Mysore Pak-Soft Mysore Pak Recipe-Deepavali Special

Mysore Pak is made of generous amounts of ghee (clarified butter), sugar and bengal gram flour.This mysore pak is not the authentic mysore pak which will be slightly hard but this is the soft mysore pak which is some what similar to what we get in Krishna sweets.Unlike the authentic version, this is very simple and can be prepared by anyone.Today let us learn how to prepare Mysore Pak following this easy recipe.

Ingredients needed

You can use any cup for measurement for this recipe.

Bengal gram flour/kadalai mavu/ besan  -1 cup
Sugar – 2 cups
Ghee – 1 3/4 – 2 cups
A tray greased with ghee

Preparation 

Sieve besan and dry roast it until slightly hot to touch. Spread it on a paper and let it cool.

Keep all the things ready including the greased tray.

Method 

Melt ghee and keep it over a bowl of water in low flame as the ghee should be hot while adding.(see picture)

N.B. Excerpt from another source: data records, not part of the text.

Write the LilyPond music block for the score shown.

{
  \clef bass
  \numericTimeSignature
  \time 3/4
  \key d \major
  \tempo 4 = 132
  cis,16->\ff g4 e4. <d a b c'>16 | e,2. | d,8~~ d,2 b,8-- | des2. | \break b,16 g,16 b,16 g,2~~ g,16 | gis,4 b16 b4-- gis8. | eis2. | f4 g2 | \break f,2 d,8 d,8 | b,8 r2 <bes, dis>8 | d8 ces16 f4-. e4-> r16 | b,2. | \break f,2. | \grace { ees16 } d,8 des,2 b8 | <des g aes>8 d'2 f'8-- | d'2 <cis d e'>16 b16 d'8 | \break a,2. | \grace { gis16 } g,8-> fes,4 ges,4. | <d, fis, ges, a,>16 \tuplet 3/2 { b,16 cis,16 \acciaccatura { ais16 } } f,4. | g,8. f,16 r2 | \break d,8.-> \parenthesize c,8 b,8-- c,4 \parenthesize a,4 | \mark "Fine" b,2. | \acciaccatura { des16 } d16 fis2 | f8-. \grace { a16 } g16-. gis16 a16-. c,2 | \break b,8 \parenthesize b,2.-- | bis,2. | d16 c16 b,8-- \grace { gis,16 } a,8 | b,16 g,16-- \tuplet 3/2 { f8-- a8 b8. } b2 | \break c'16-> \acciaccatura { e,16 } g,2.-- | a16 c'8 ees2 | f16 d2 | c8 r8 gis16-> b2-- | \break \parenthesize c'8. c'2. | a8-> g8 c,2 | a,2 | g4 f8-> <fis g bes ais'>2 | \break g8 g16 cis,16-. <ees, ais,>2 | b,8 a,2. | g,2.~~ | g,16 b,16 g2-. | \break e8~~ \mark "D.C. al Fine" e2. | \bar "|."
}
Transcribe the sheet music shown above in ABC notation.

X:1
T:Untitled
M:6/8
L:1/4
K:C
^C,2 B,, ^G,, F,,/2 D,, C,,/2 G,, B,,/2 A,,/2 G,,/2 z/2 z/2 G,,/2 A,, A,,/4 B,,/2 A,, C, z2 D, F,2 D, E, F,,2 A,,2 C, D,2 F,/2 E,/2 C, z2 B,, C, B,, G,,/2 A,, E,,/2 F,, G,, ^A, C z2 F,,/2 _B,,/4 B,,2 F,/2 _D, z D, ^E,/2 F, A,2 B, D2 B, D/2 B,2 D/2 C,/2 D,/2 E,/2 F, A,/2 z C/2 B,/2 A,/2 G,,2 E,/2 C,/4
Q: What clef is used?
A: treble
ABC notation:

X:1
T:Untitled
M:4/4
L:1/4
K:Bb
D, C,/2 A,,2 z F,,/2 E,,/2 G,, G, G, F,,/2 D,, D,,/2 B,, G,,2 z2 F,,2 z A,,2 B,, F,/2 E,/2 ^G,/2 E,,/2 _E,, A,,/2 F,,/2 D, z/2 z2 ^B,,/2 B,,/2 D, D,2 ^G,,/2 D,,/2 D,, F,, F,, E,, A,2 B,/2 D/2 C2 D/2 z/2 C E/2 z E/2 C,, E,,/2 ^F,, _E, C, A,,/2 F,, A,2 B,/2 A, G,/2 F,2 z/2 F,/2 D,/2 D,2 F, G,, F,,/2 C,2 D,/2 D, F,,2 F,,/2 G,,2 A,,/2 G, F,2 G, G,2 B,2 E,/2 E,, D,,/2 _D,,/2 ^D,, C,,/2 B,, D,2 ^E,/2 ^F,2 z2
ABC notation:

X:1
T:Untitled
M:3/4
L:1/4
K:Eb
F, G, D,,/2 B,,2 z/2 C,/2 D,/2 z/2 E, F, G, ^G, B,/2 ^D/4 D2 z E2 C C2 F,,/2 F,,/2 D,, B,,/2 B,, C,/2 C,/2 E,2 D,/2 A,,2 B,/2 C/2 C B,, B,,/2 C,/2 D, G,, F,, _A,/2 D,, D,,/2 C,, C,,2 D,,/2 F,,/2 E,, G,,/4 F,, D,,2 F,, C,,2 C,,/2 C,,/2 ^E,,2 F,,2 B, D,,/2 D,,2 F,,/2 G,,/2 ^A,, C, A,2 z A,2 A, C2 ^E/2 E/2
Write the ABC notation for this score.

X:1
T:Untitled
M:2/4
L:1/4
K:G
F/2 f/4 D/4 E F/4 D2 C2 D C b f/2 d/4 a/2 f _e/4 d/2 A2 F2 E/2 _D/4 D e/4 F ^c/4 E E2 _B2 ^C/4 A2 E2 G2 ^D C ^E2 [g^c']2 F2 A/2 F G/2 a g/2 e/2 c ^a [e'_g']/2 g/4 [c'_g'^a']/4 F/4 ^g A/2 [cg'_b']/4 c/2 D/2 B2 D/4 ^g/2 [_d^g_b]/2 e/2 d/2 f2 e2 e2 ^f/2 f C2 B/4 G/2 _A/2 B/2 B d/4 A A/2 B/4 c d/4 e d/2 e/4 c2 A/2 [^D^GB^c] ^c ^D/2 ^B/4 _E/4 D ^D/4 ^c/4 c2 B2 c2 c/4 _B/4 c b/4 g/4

In a pan/kadai take sugar, add just enough water to cover the sugar.Let the sugar dissolve.Then boil sugar syrup until it reaches the one string consistency stage.

What is one string consistency? – take a little sugar syrup, cool it and stretch the syrup between the thumb and index finger, if it forms a thin string, it is the correct stage.

When the sugar syrup reaches one string consistency, add the besan little at a time stirring continuously. Keep the flame in medium.Once it thickens slightly, add ghee, a little at a time and stir continuously without stopping.

It will start bubbling and when the besan mixture starts to leave the sides of the pan, remove from flame and pour it into a greased tray or plate.

Allow it to cool. After it cools a little, cut into desired shapes. Then remove the pieces gently after it is cooled completely.

This mysore pak was very soft, tasty and melted in our mouth. How about preparing this easy mysore pak recipe for your near and dear ones this Diwali.


Find more Diwali Recipes 


Important points

Use fresh ingredients only. Avoid using old stock bengal gram flour.

The whole process should be done in medium flame and stirring continuously is very important.

Another variation (my friend’s recipe)

Instead of 2 cups of ghee, you can use 3/4 – 1 cup of ghee and 1 cup of refined oil.

After roasting besan slightly, mix it well with oil without any lumps and add it after the sugar reaches one string consistency. Rest of the procedure is the same. I have not tried this method yet.